On Monday morning, shoppers could have their pick of T-shirts bearing the “We Are Q” slogan, baseball hats with the QAnon motto “Where we go one we go all,” and even onesies for babies with President Trump’s face inside the letter Q. Those products, all offered by third-party merchants who sell on Amazon’s marketplace, remain available just days after QAnon believers were prominent among the recent rioters at the U.S. Capitol.

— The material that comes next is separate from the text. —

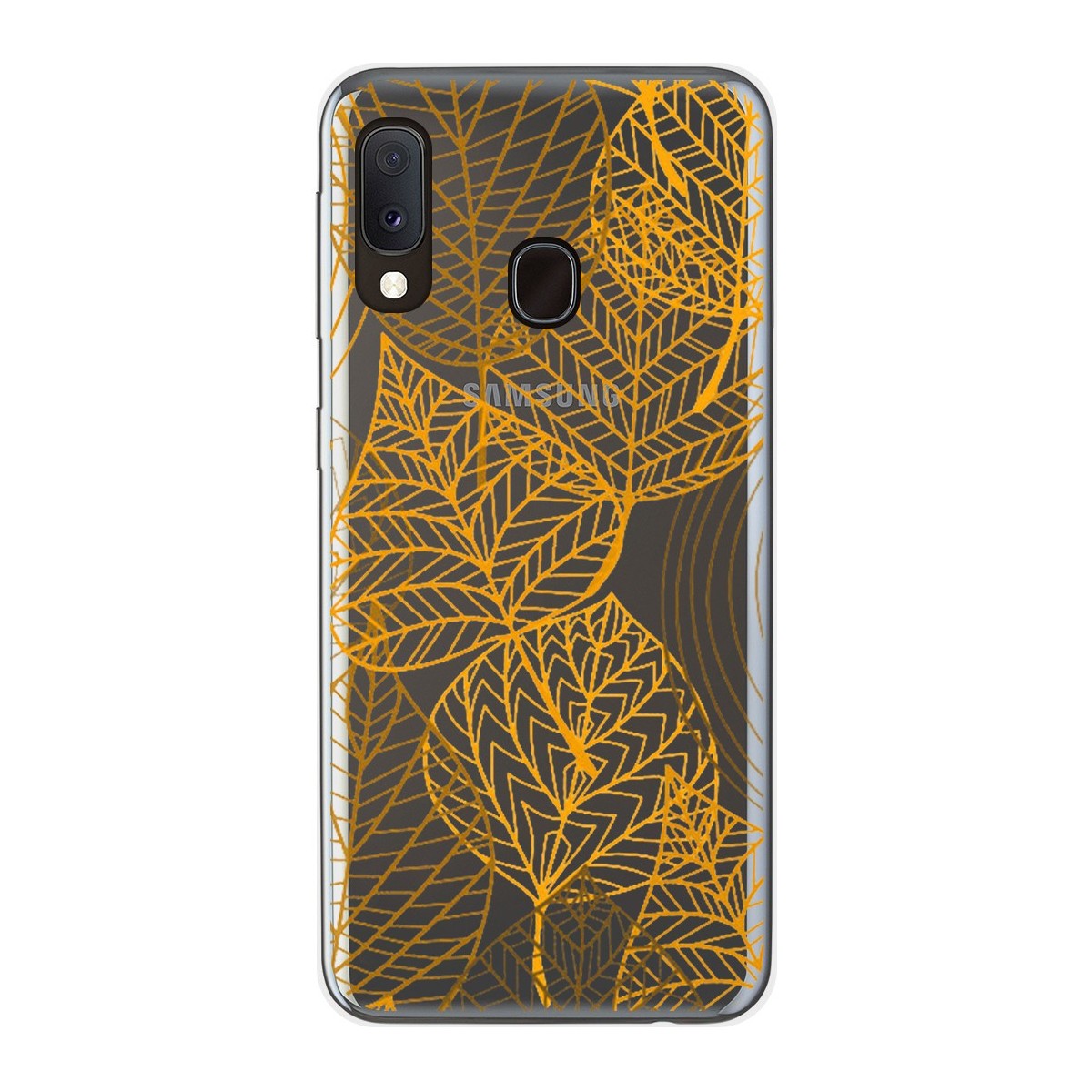 Tumundosmartphone Funda Gel Transparente para Samsung Galaxy A20e 5.8 diseño Hojas Dibujos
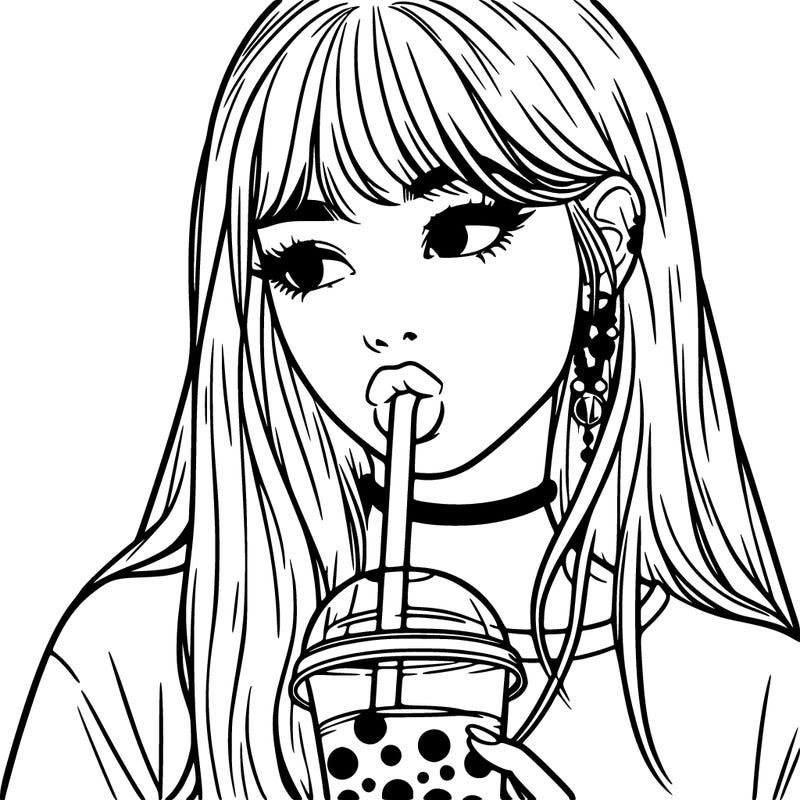 aesthetic realistic girl drinking boba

Amazon’s continued sale of products that support, or even glorify QAnon, is “alarming, but not altogether surprising,” said Jonathan Greenblatt, the chief executive of the Anti-Defamation League, which tracks extremism nationwide. Historically, Amazon’s approach to addressing the sale of hateful goods is to remove them only after critics complain.

“They don’t do things proactively, but when things are brought to their attention, they respond,” Greenblatt said. ” It’s an insufficient strategy to address the virulent spread of hateful ideologies.”

An Amazon spokeswoman didn’t have immediate comment.

While QAnon goods remain available for sale on Amazon’s site, the company has taken other steps to quell the voices that incited violence at the U.S. Capitol last week. Over the weekend, Amazon suspended Parler from its cloud-computing service, accusing the pro-Trump social network of violating its terms of service given its inadequate content-moderation practices. And last week, the Amazon-owned video service Twitch disabled Trump’s account indefinitely.

Parler sued Amazon Monday, alleging Amazon violated its contract and was also being hypocritical because such language is posted on other sites.

QAnon, which took root on anonymous message boards in 2017, has been identified by the FBI as a potential domestic terrorist threat. Its adherents believe Trump is battling a cabal of deep state saboteurs who worship Satan and traffic children for sex.

Amazon’s own policies would seem to preclude the sale of QAnon items on its marketplace. The company bars the sale of offensive and controversial materials, including items that “promote, incite or glorify hatred, violence, racial, sexual or religious intolerance or promote organizations with such views.”